Pictures are to be left out, and the rest of the records reproduced exactly.

== PROVIDED MATERIAL ==

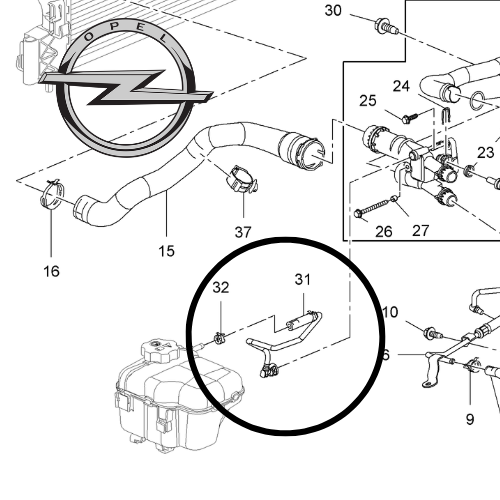 ✅ 13346815 OPEL - TUBO FLESSIBILE DEGASSIFICAZIONE ORIGINALE (9G1R7)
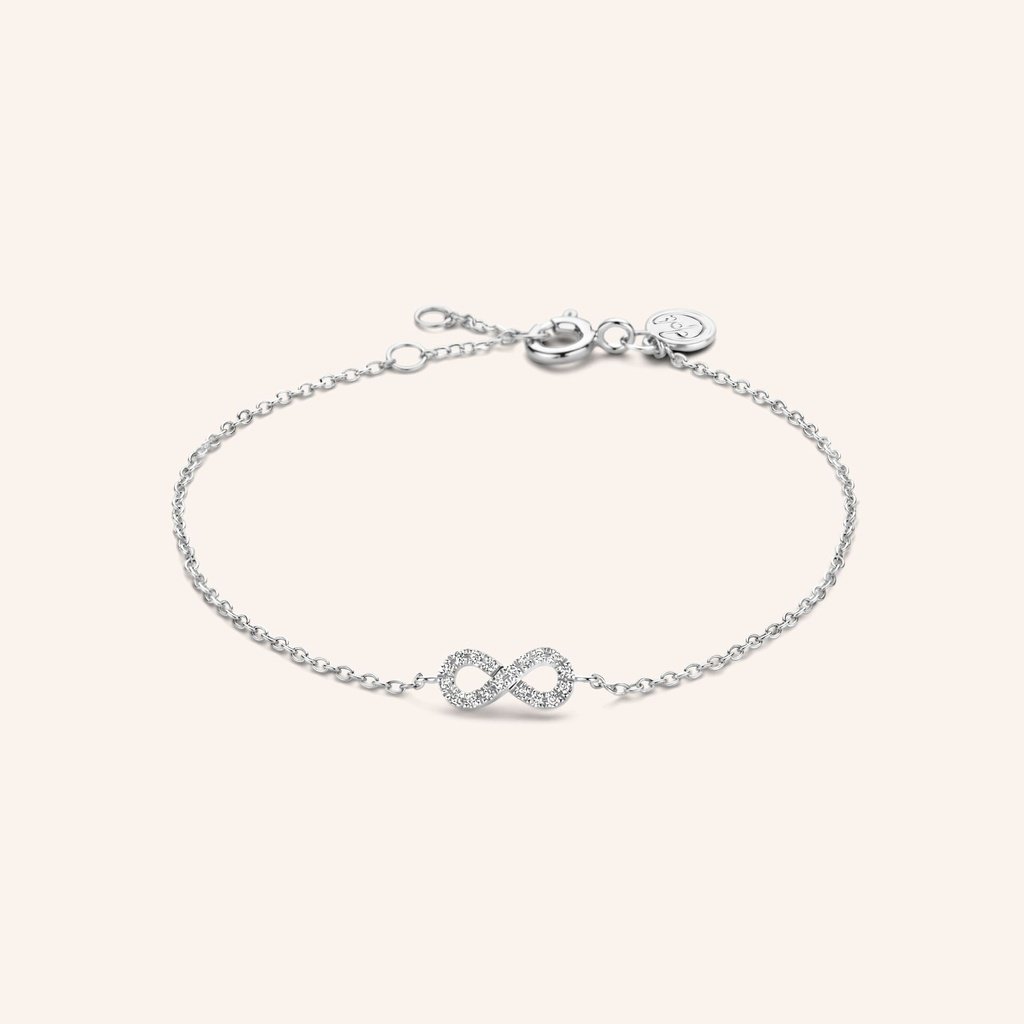 [M2043-1S1-S15S16S17] Infinity Bracelet (White Plated)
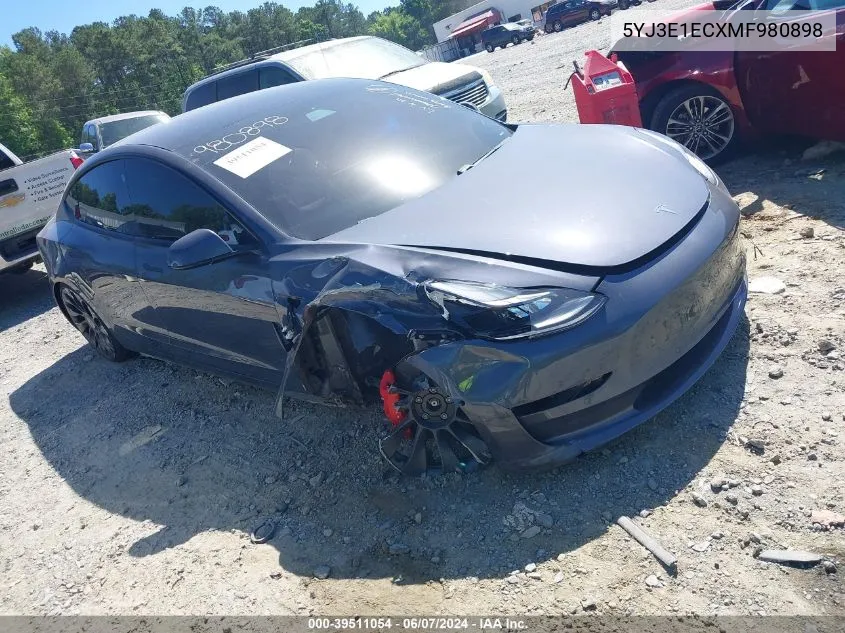 2021 Tesla Model 3 Performance Dual Motor All-Wheel Drive VIN: 5YJ3E1ECXMF980898 Lot: 39511054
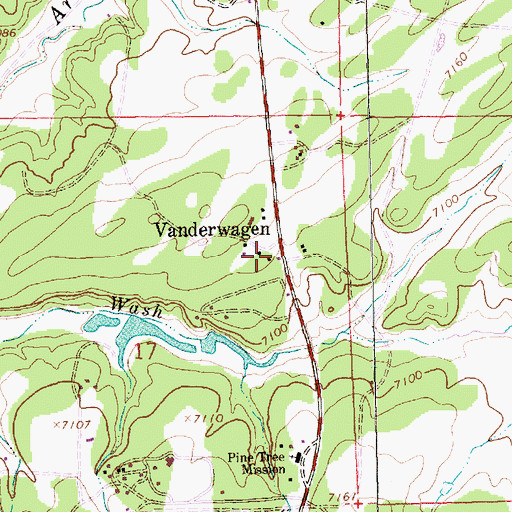 Topographic Map of Vanderwagen Post Office, NM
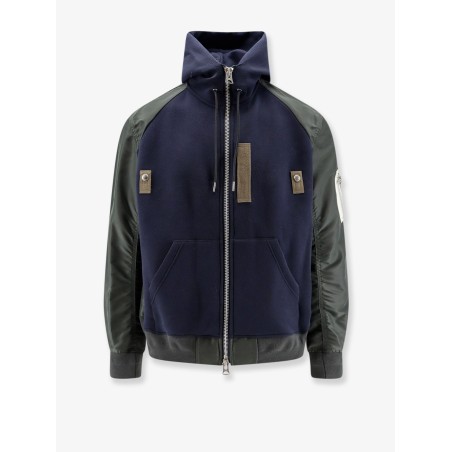 Cotton blend sweatshirt with nylon sleeves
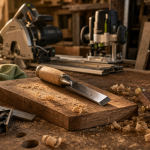 Outils pour menuisier : ciseau, équerre, trusquin et outils de coupe sur établi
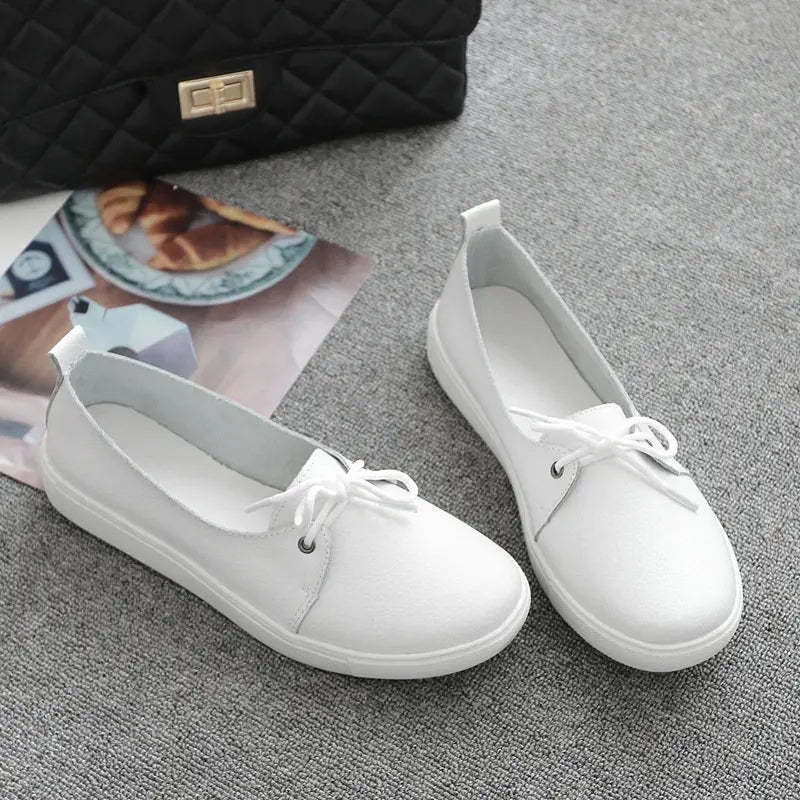 WOIZGIC Women Students Gril Female Leather White Shoes Flats Platform Lace Up Korean Casual Vulcanized Shoes FEZ-173
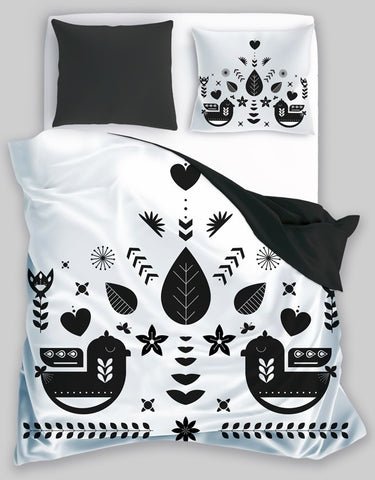 100% Cotton White Duvet Set with Black Folk Pattern +/- QUEEN SIZE | PEY-02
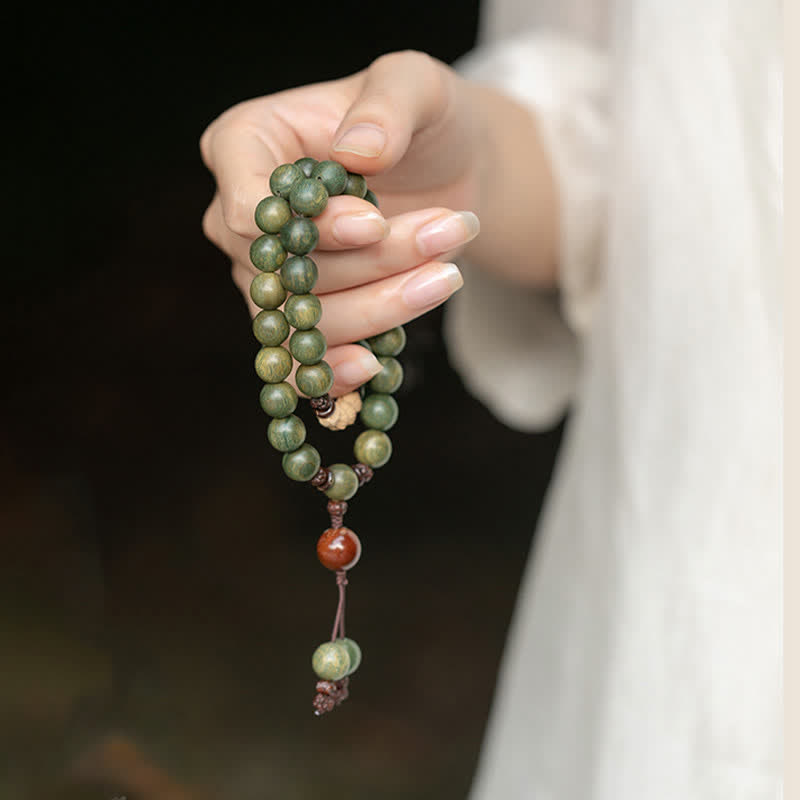6mm Green Sandalwood Positive Peace Bracelet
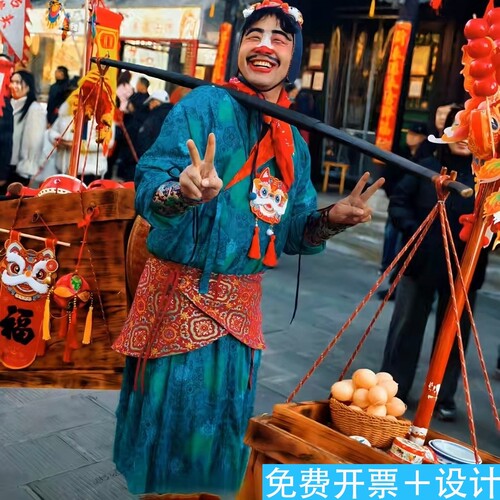卖货郎挑担传统太原古县城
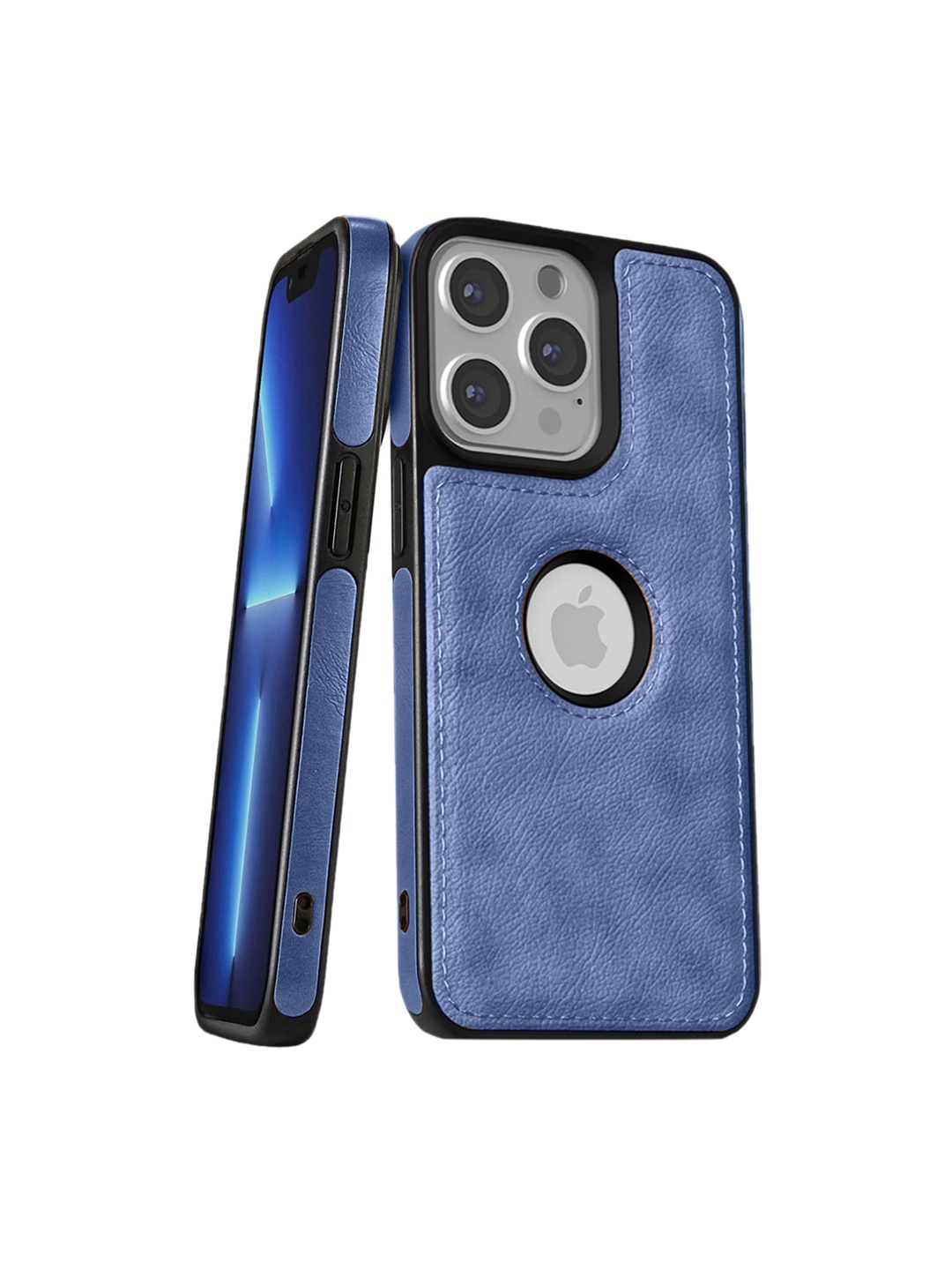 

Karwan Unisex Vegan Leather iPhone 12 Pro Max Mobile Back Case, Blue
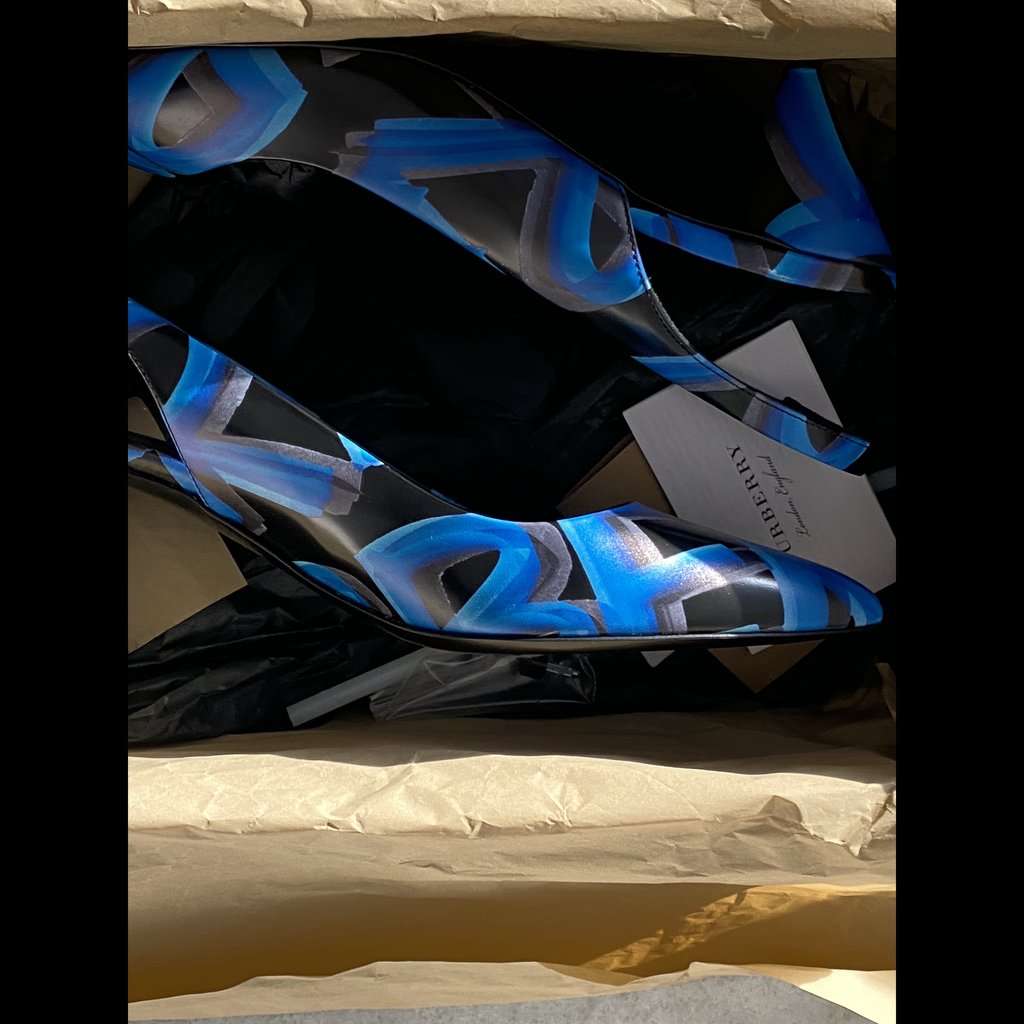 Burberry Burberry Slingback heel Blue Leather Never worn, with tag - Back View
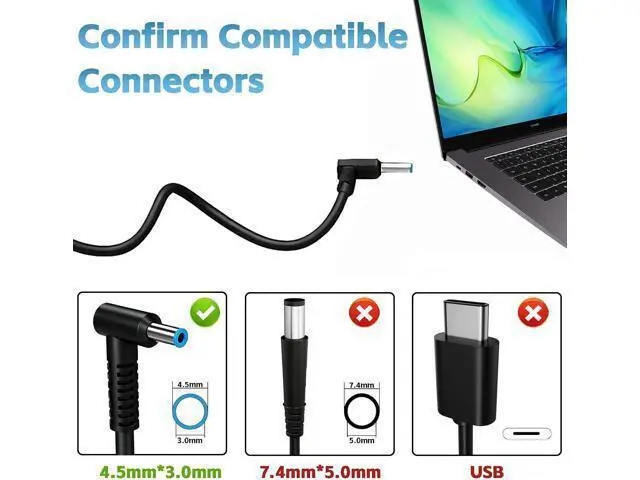 Alt view image 2 of 7 - 150W 135w Laptop Charger Fit for HP ZBook 15 16 17 G5-G8 Studio G3-G8 x360 OMEN 15 17 Victus 15 Pavilion Gaming 15 17 Spectre TPN-CA11 TPN-DA09 Power Supply Ac Adapter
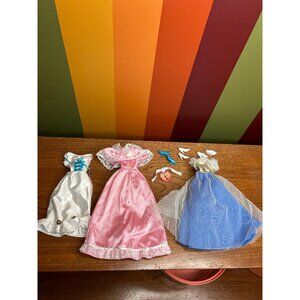 1990s vintage Barbie outfits 3 gowns dresses and assesories clothes collectable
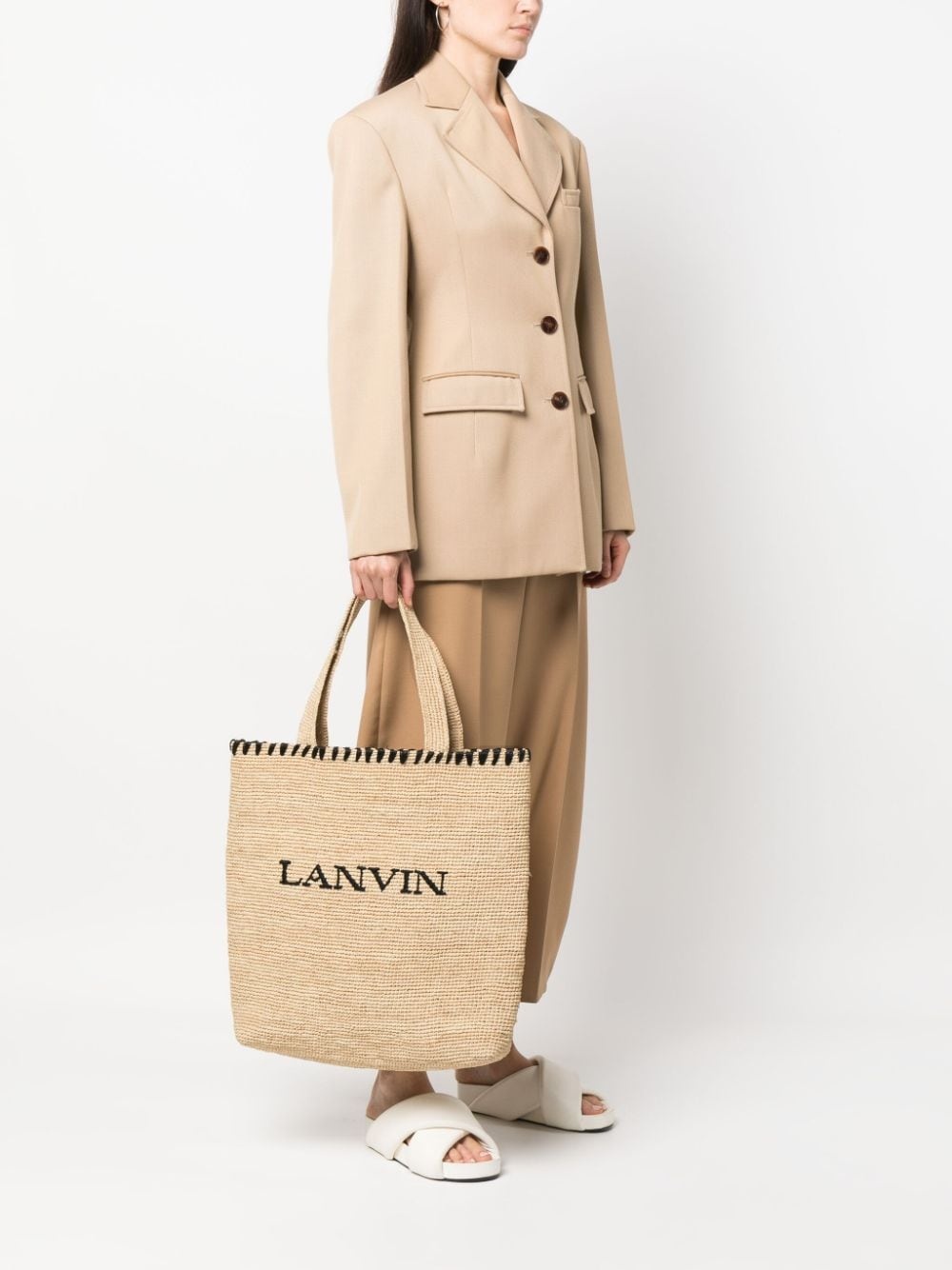 logo-embroidered raffia tote bag - 2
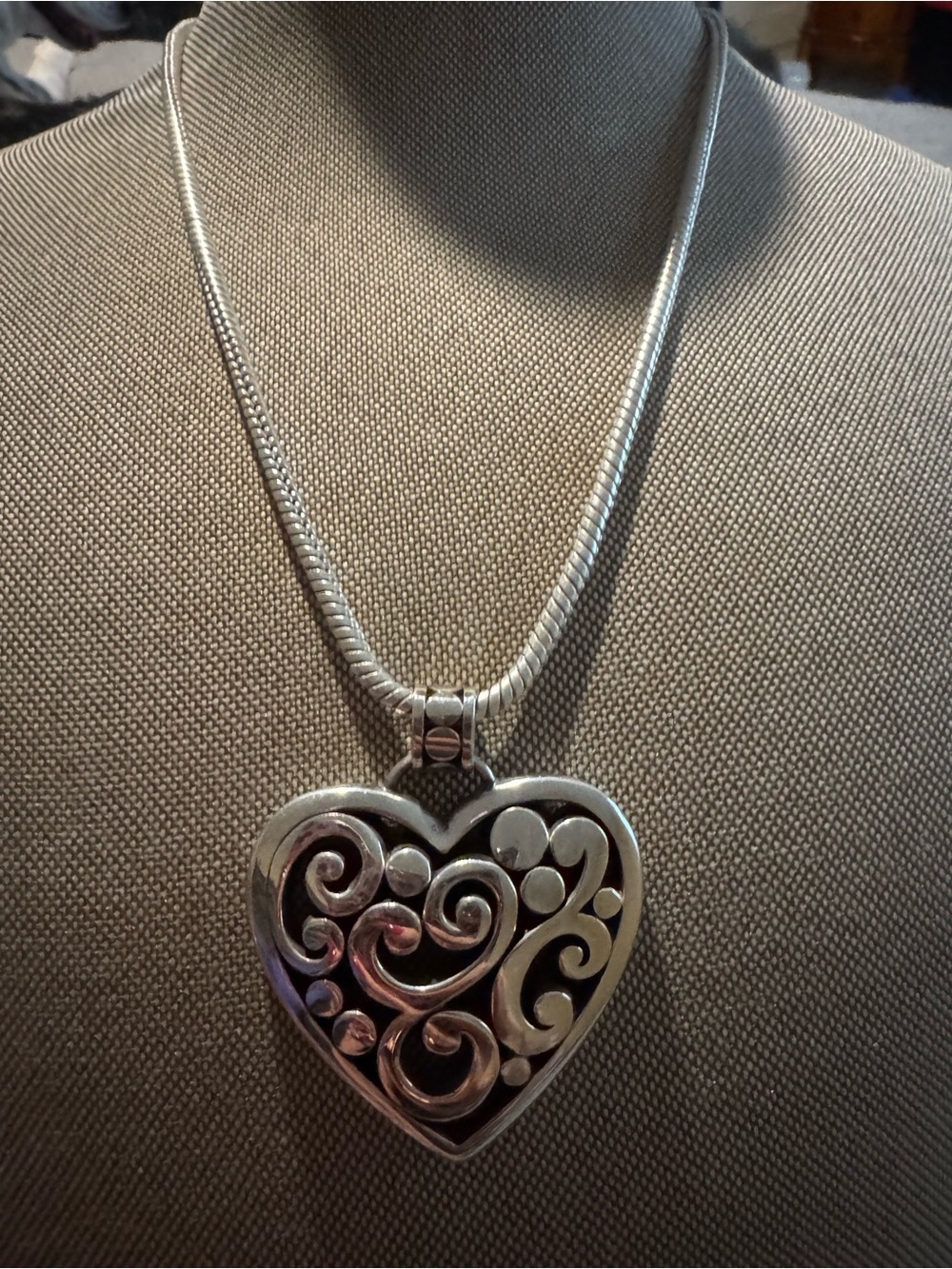 Brighton Silver Heart Scroll Pendant Necklace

===

◆ ANSWER AREA
 ✅ 13346815 OPEL - TUBO FLESSIBILE DEGASSIFICAZIONE ORIGINALE (9G1R7)
 [M2043-1S1-S15S16S17] Infinity Bracelet (White Plated)
 2021 Tesla Model 3 Performance Dual Motor All-Wheel Drive VIN: 5YJ3E1ECXMF980898 Lot: 39511054
 Topographic Map of Vanderwagen Post Office, NM
 Cotton blend sweatshirt with nylon sleeves
 Outils pour menuisier : ciseau, équerre, trusquin et outils de coupe sur établi
 WOIZGIC Women Students Gril Female Leather White Shoes Flats Platform Lace Up Korean Casual Vulcanized Shoes FEZ-173
 100% Cotton White Duvet Set with Black Folk Pattern +/- QUEEN SIZE | PEY-02
6mm Green Sandalwood Positive Peace Bracelet
卖货郎挑担传统太原古县城

Karwan Unisex Vegan Leather iPhone 12 Pro Max Mobile Back Case, Blue
 Burberry Burberry Slingback heel Blue Leather Never worn, with tag - Back View
 Alt view image 2 of 7 - 150W 135w Laptop Charger Fit for HP ZBook 15 16 17 G5-G8 Studio G3-G8 x360 OMEN 15 17 Victus 15 Pavilion Gaming 15 17 Spectre TPN-CA11 TPN-DA09 Power Supply Ac Adapter
 1990s vintage Barbie outfits 3 gowns dresses and assesories clothes collectable
 logo-embroidered raffia tote bag - 2
 Brighton Silver Heart Scroll Pendant Necklace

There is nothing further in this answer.